● **Problem description**: Reproduce exactly the run of lines that begins with the one containing "Polyester Mexico Baseball" and ends with the last line of the records, omitting pictures.

Short descriptive text snippets:
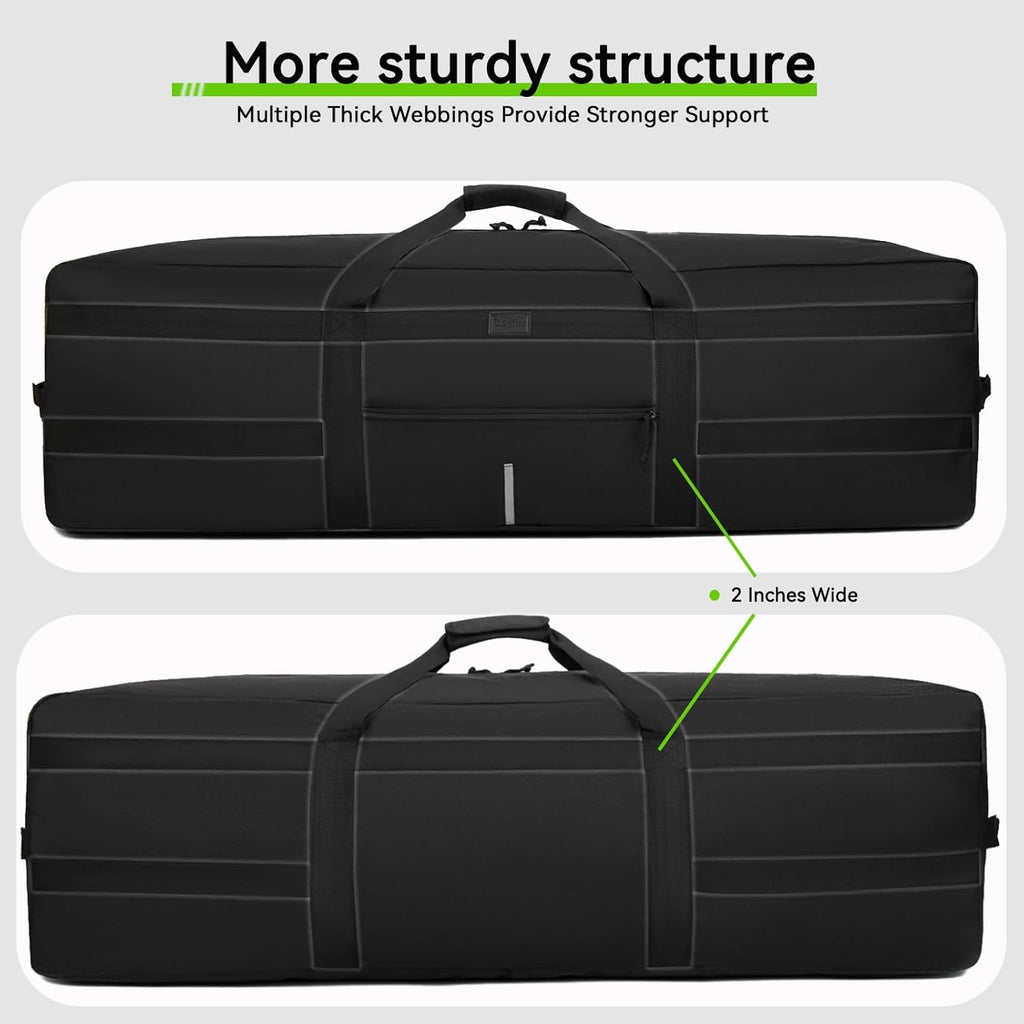 Skiennix 45.5'' Extra Large Duffel Bag - Water Resistant & Foldable Travel Luggage (Black)
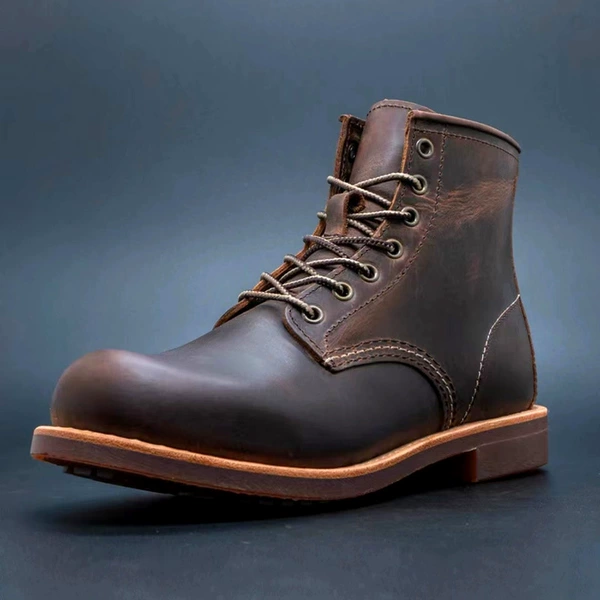 Crazy horse brown rubber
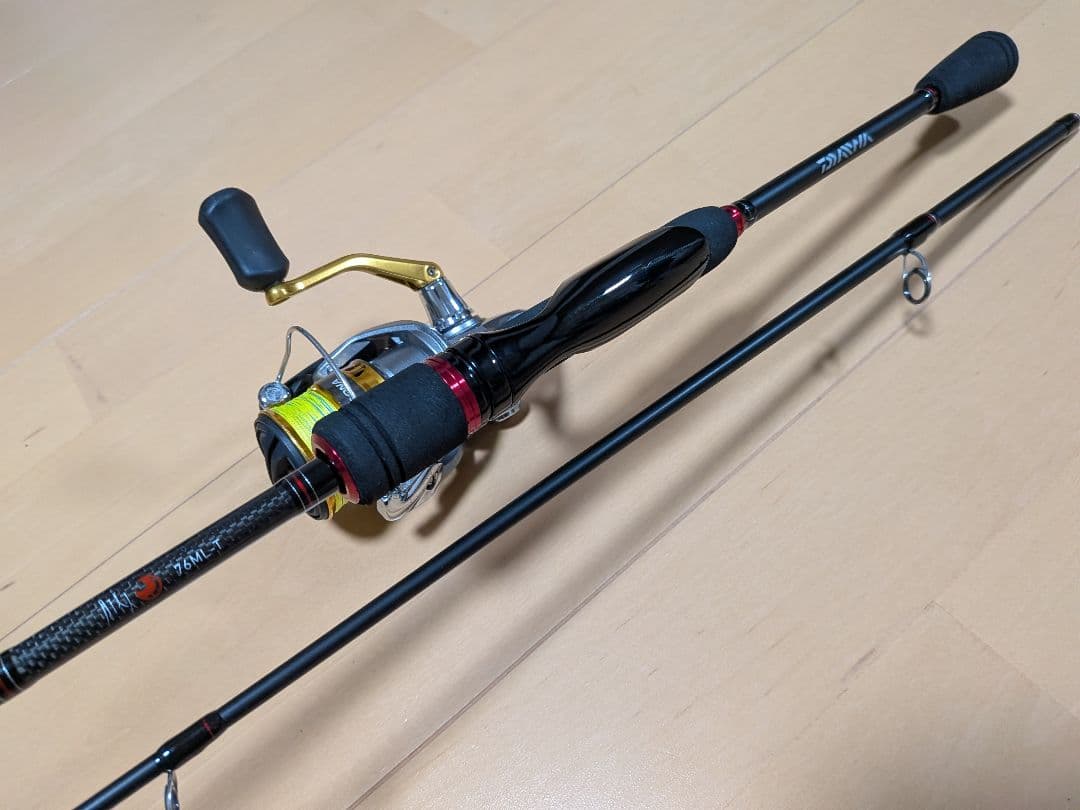 K　アジング　メバリング　ロッド　月下美人　リール　セドナ　本体　セット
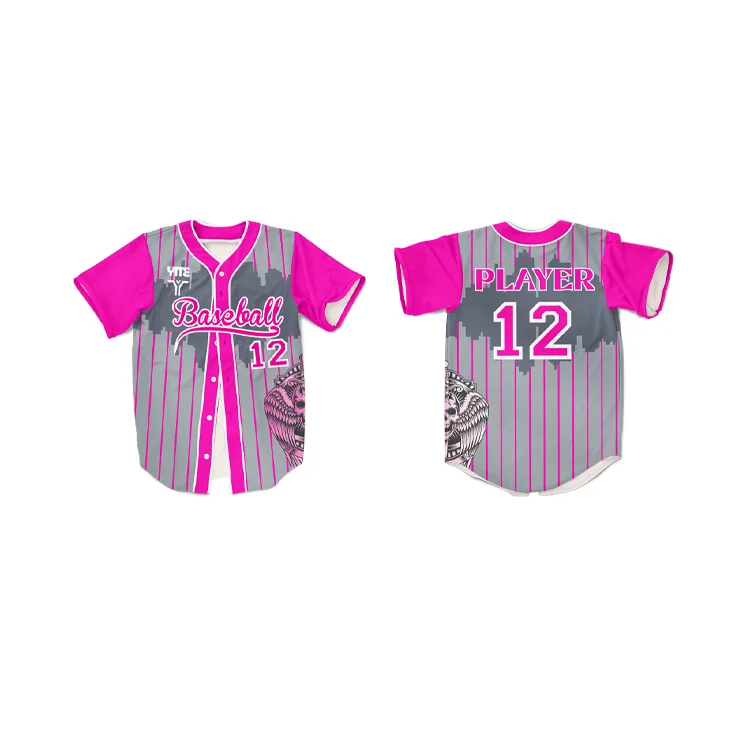 Polyester Mexico Baseball Jersey 2025 New Sublimation Baseball Jerseys  Quick Dry Breathable Kids Baseball Uniforms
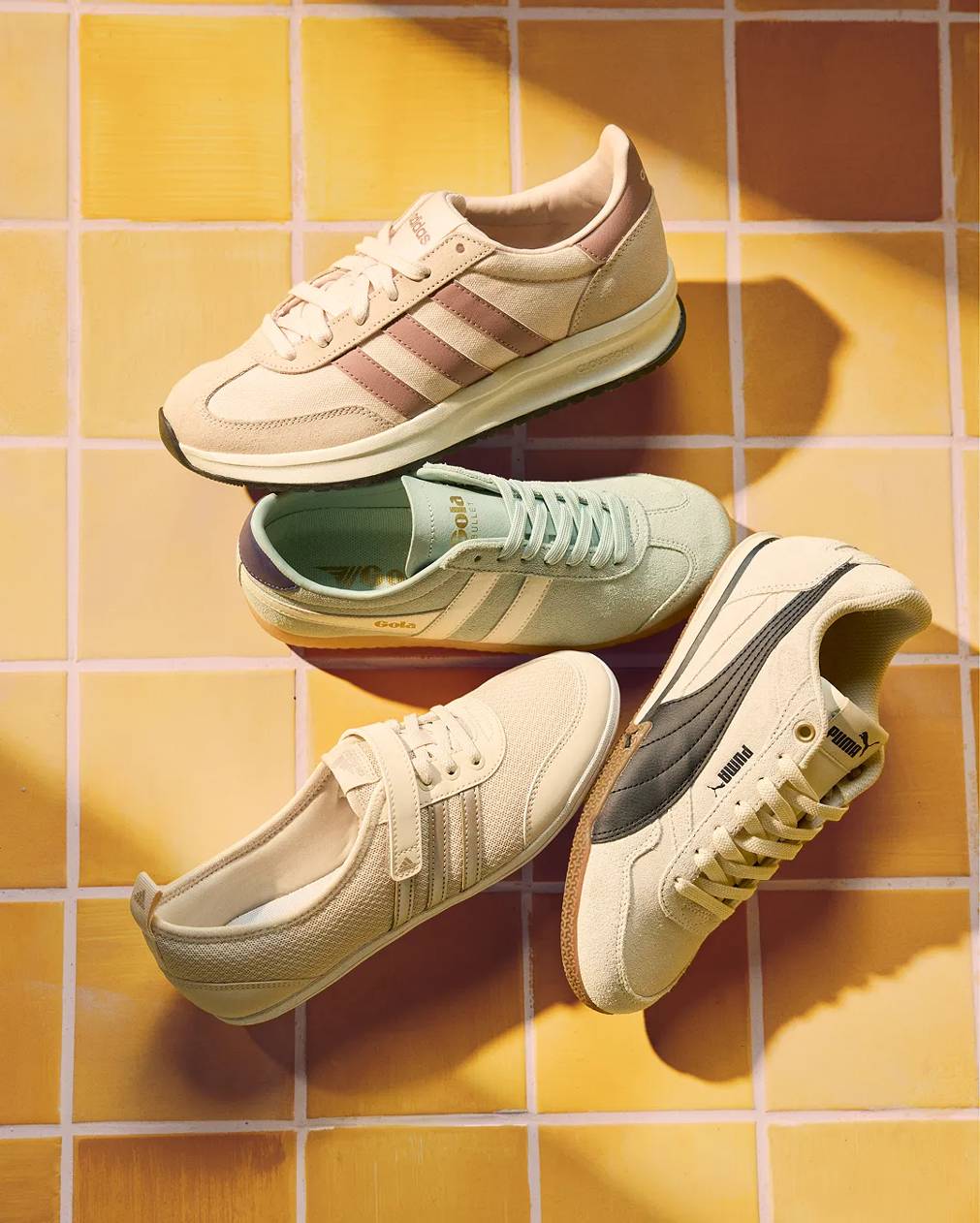 Featuring an assortment of sneakers from top brands like adidas, PUMA, GOLA, and more. Click to learn all things sneakers.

● **Result of the task**:
 Polyester Mexico Baseball Jersey 2025 New Sublimation Baseball Jerseys  Quick Dry Breathable Kids Baseball Uniforms
 Featuring an assortment of sneakers from top brands like adidas, PUMA, GOLA, and more. Click to learn all things sneakers.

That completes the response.